Academic labs and small private startups are incorporating elements like sulfur, zinc, magnesium or even air into the cathodes of new kinds of batteries, as well as finding new kinds of electrolytes that won’t ignite. Steven Visco, president of Berkeley-based Poly-Plus Battery, is developing lithium-air, lithium-seawater and rechargeable lithium-sulfur batteries for both the Pentagon and Detroit.
“Thermal management of the individual batteries is generally handled by the battery pack design, but there is always the possibility of a flaw in cell manufacturing,” Visco said in an e-mail to Discovery News. “However, all of these safeguards can be compromised when the drive to reduce battery cost (which is certainly important for EVs) leads to shortcuts in manufacturing.”
In order to save weight (and money), the new Dreamliner was engineered with electronic rather than hydraulic control systems. That means its lithium-ion batteries had to produce a lot more power than before, according to Venkat Subramanian, associate professor of energy, environmental and electrical engineering at Washington University in St. Louis.
The Department of Energy recently awarded Subramanian and collaborators at the National Renewable Energy Laboratory $3.2 million to develop better monitoring systems to detect failures inside batteries before they occur.
“The better understanding we have of the internal states of the battery, the more efficiently we can use them,” Subramanian said.
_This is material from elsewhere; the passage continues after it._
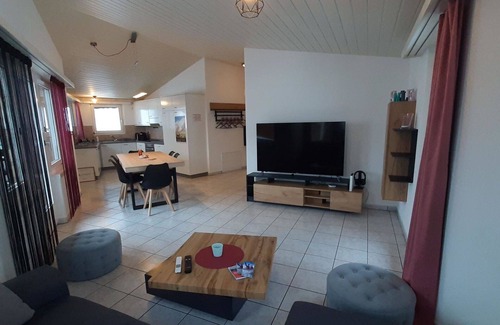 Saas Almagell Apartment | Nice apartment for 6 guests with WIFI, TV and balcony
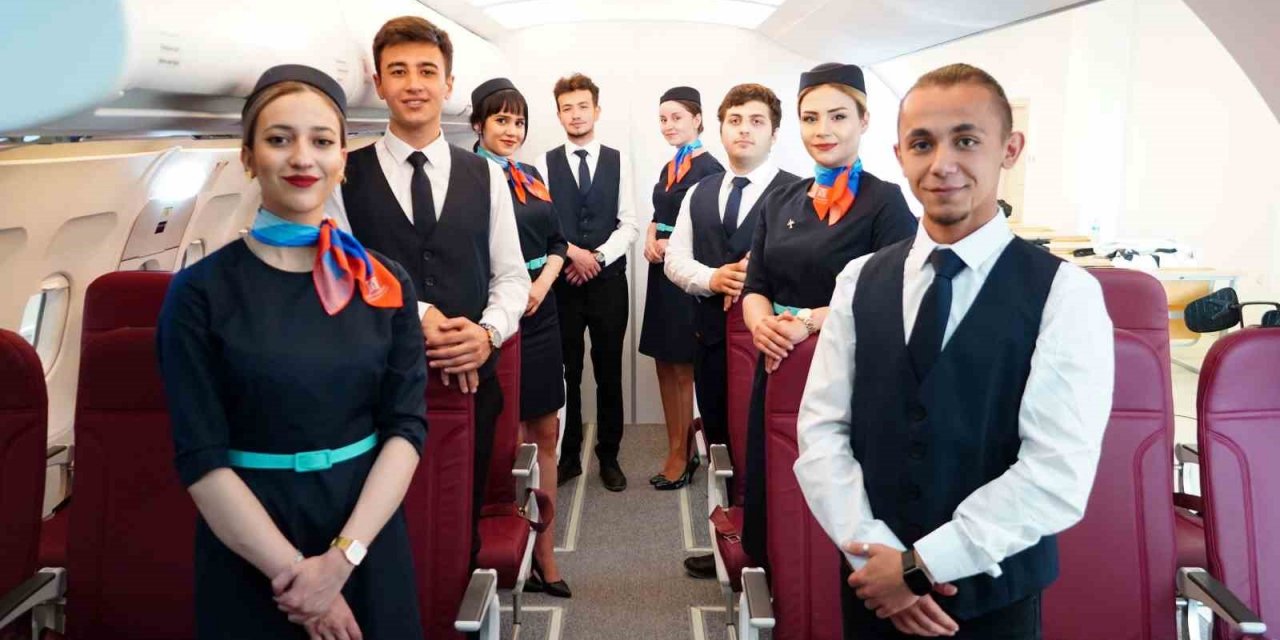 Konya'da KTO Karataylı kabin memuru adayları, uygulamalı mock-up eğitimi ile gerçek uçuşa hazırlanıyor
Japanese and U.S. investigators are now probing the manufacturer of the Dreamliner batteries, Japan-based GS Yuasa. The same firm won a NASA contract recently to supply lithium-ion batteries to the International Space Station.
Despite all the efforts to build a better battery, its likely that both our laptops and our vehicles will continue to run on lithium-ion for the foreseeable future, according to LBL’s Srinivasan.
“We see things in the research pipeline, that will happen, but it will take a while to reach the marketplace,” he said. Srinivasan also noted that for now, there is still a tradeoff between consumer demands for more power and a desire for more safety.
“The biggest trend is more energy. I want my cellphone to last all day. The more energy you put in, the more it can do bad things.”